Older blog entries for jum (starting at number 41)

The setitimer problem of yesterday probably appearently can be worked around by rounding the minimum interval given to be at least 20ms, two clock ticks. We are still testing this.

Meanwhile another strange problem that we were looking at for a few days appears to be resolved. In our PCShare product which contains SMB file sharing we do have a complete netbios naming service. This netbios name service did not properly start up if it is the sole computer in a workgroup. First findings appeared to point to packet length problems, as choosing an odd length netbios machine name made things going (not completely, but it did get further along). Thinking a bit more about that I tried turning off hardware checksumming, and voila, it appears to work fine. The hardware checksumming feature was a recent addition to MacOS X, and appearently depending upon if a broadcast packet is an even or odd number of bytes in size has some weird problems.

As the last preparations for the MacOS X final release take place the one or other show stopper bug pops up. One particular nasty one was in reality rearing its ugly head in July for the first time. The problem is that if an app does pretty heavily use setitimer sometimes SIGALRM get lost. If the app is waiting on some timed event the app will stall and if a kill with SIGALRM is used from the command line the app will continue. The very same problem did appear years ago on SunOS 4.1.3 and was fixed by Sun with a patch. Unfortunately SunOS is closed source and thus I do not know exactly what the fix was, but looking through the FreeBSD cvs I believe that I may have found the culprit. There appears to be rare case that the setitimer mechanism might inccur a race condition with the hardware tick timer, the fix was at 1.9 of kern_time.c.

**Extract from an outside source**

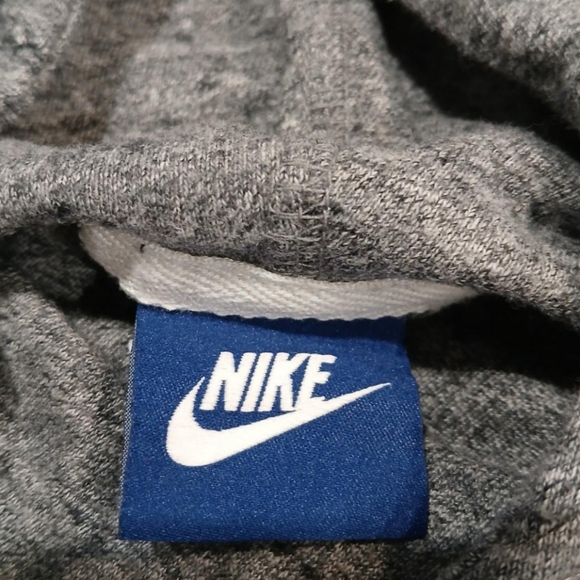NIKE | Grey Pullover with Pocket, Teen/Youth | Size Small - Picture 2 of 6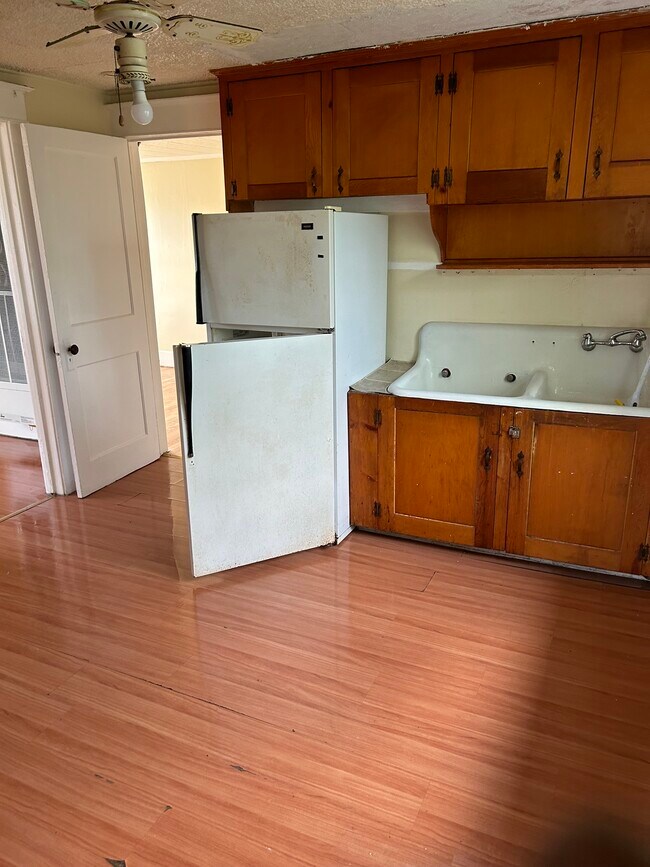 Foto del edificio - 373 Esser Ave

The AIX 5 fix download mechanism does work now, I downloaded the latest versions of system components. The result has not been encouaging so far, as if I leave the start of httpd in /etc/inittab AIX 5 in 64 bit mode will now always crash upon boot. I turned httpd off to be able to continue work in 64 bit mode.

I have fixed one strange bug that was causing multicast address add/delete fail if used via the AppleTalk socket ioctl interface. I did introduce this special ioctl interface as not all systems sport an SIOCADDMULTI/SIOCDELMULTI style interface. And to be exact on AIX this is translated on AIX to the proper ndd_ctl NDD_ENABLE_ADDRESS/NDD_DISABLE_ADDRESS calls. And here the problem came in, I used a statment like this:

err = aa_ndd->ndd_ctl(aa_ndd, cmd == ATIOCADDMULTI?
NDD_ENABLE_ADDRESS : NDD_DISABLE_ADDRESS, buf, len);

The problem here is the comparison cmd == ATIOCADDMULTI, cmd is a parameter that explicetely contains the unsigned int from the upper levels and ATIOCADDMULTI is a define using the standard sys/ioctl.h macros as _IOW('A', 5, struct ifreq). _IOW() contains some pretty obscure shifting and on AIX 64 bit does actually produce a sign extended 64 bit value that is negative (having the top 32 bits set to one). This will never compare to the plain 32 bit cmd value, casting using unsigned makes it work (cmd == (unsigned)ATIOCADDMULTI). Go figure.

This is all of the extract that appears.